**TASK DATA**
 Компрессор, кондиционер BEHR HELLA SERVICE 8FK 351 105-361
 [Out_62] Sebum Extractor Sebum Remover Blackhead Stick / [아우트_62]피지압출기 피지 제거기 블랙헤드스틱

...

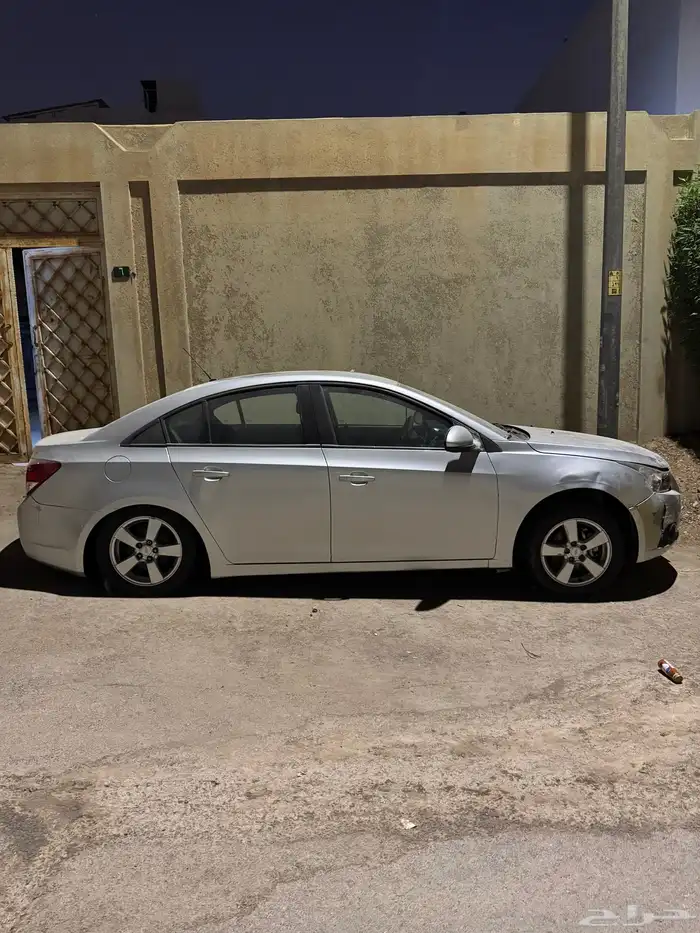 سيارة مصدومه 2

**EXERCISE GOAL**
Would you print exactly and only the lines of the material above that run from the line with "Компрессор, кондиционер BEHR" through the line with "[Out_62] Sebum Extractor", both included?

**RESULT OF THE TASK**
 Компрессор, кондиционер BEHR HELLA SERVICE 8FK 351 105-361
 [Out_62] Sebum Extractor Sebum Remover Blackhead Stick / [아우트_62]피지압출기 피지 제거기 블랙헤드스틱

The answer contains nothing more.